Start of Block
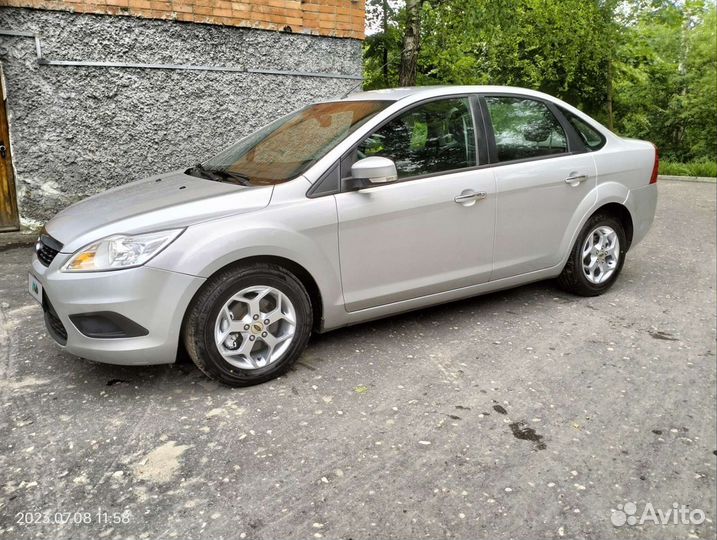 Ford Focus 1.4 МТ, 2011, 138 000 км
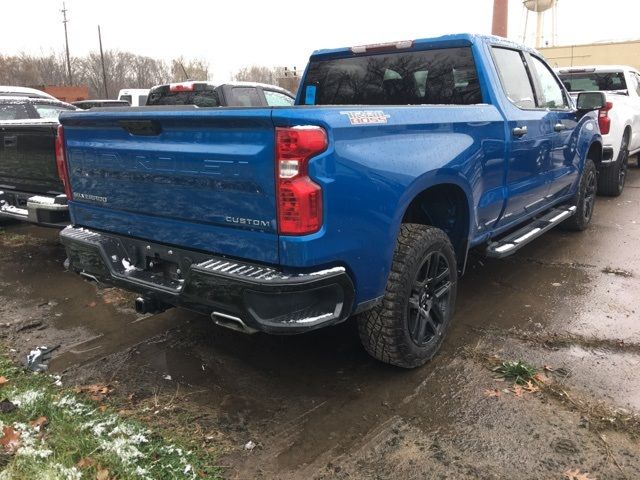 2022 Chevrolet Silverado 1500 Custom Trail Boss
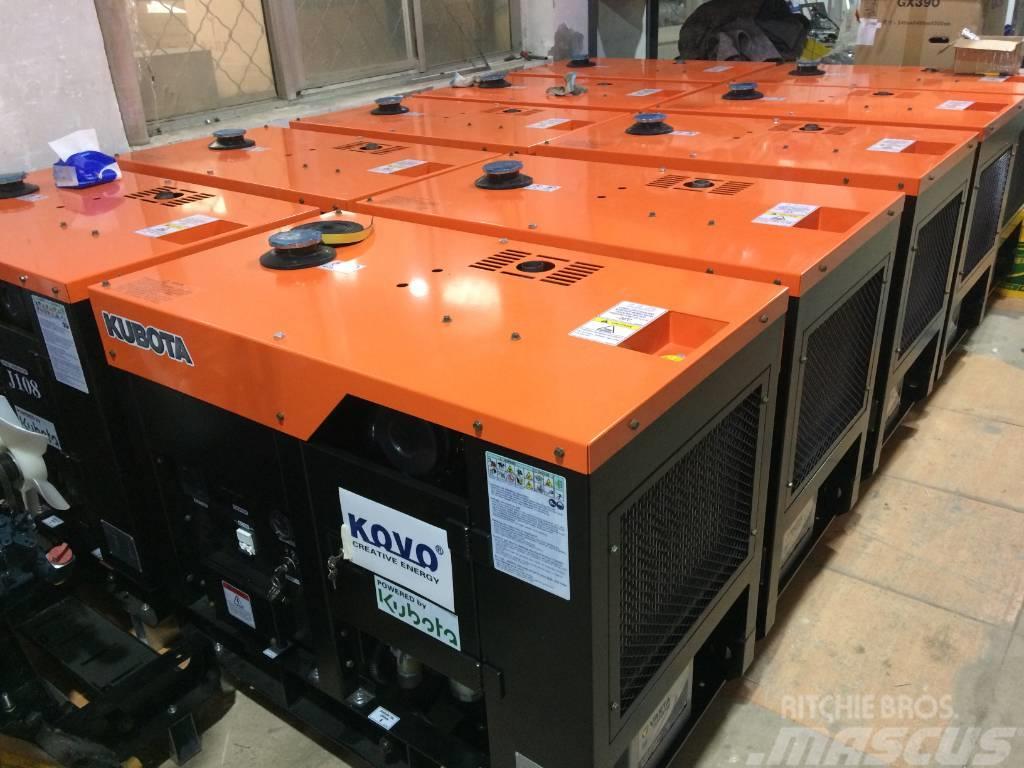 Kubota powered diesel generator set J320 Generatori diesel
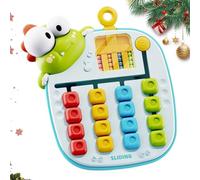 Genérico Juego de Puzzle Deslizante de Escritorio de Cuatro Colores | tablero de puzzle de animales para asociar colores para niños y niñas, viajes, cumpleaños, reunión familiar`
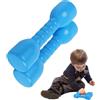 Generic Kit di pesi a mano per bambini, bilancieri per danza domestica, calisthenics, attrezzi sportivi per principianti, strumenti di allenamento per giovani, attività ricreative interne esterne, movimento
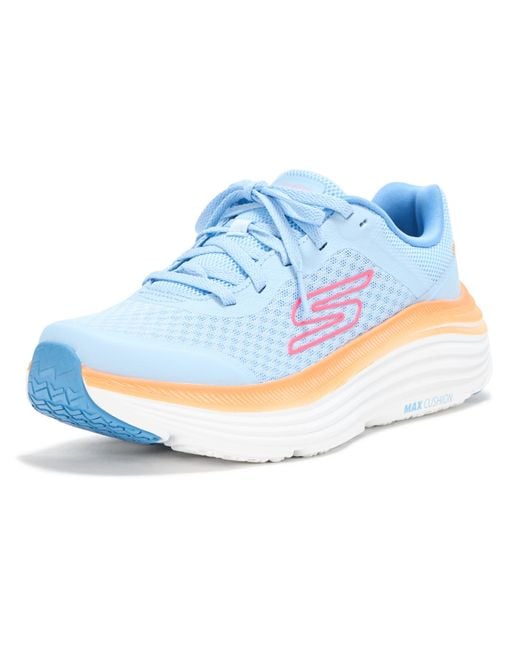 Max Cushioning Endeavour Canova di Skechers in Blue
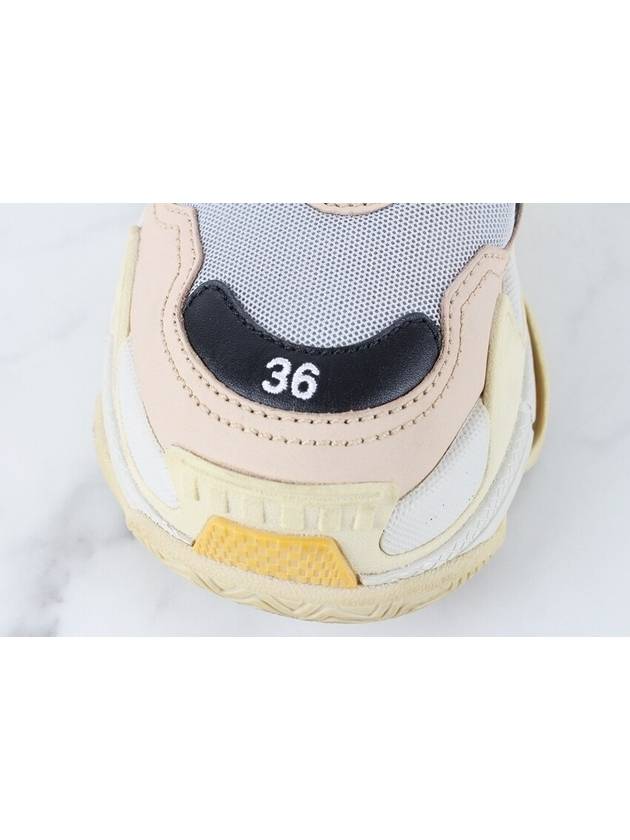 Triple S Yellow Green 36 230 - BALENCIAGA - BALAAN 8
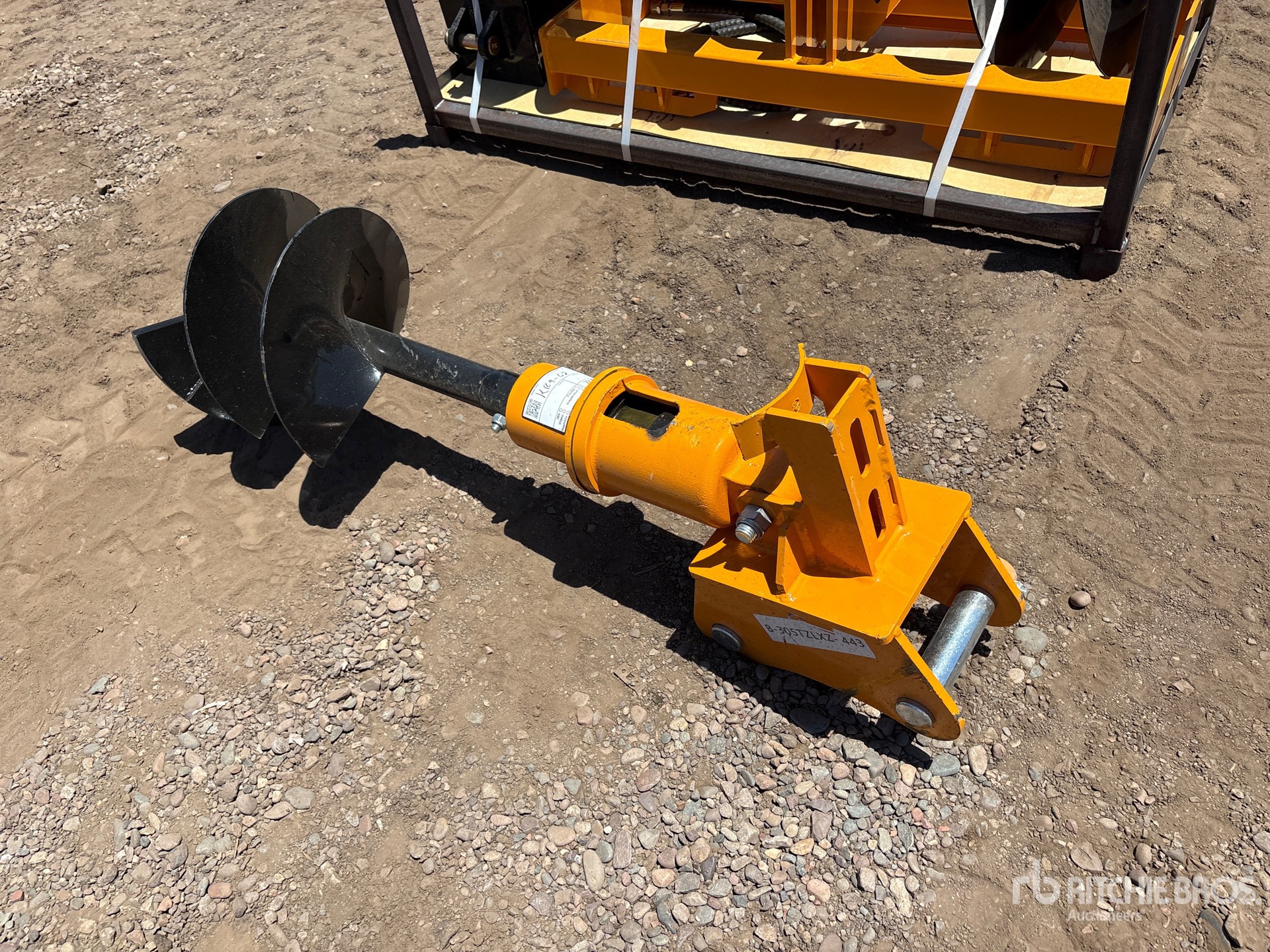 2026 GIYI 30 in Excavator Auger - Fits Cat 305 (Unused)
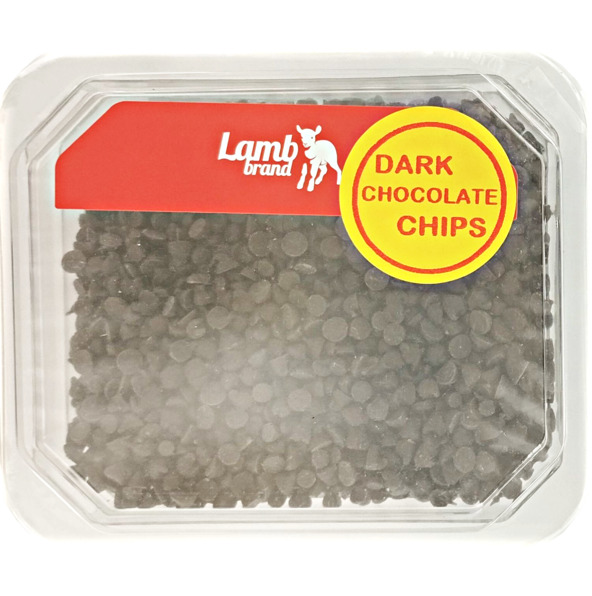 Lamb Brand Dark Chocolate Chips 180g 180g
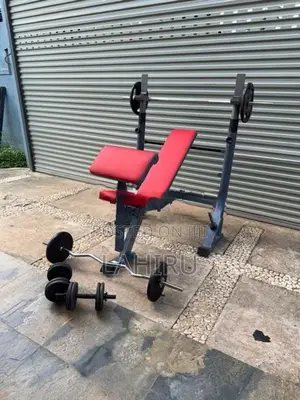 Bh Fitness Bench Set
End of Block
Without reproducing any picture, repeat exactly the lines from the one containing "2026 GIYI 30" through the last line of the material above, both ends included.

[Output of the task]:
 2026 GIYI 30 in Excavator Auger - Fits Cat 305 (Unused)
 Lamb Brand Dark Chocolate Chips 180g 180g
 Bh Fitness Bench Set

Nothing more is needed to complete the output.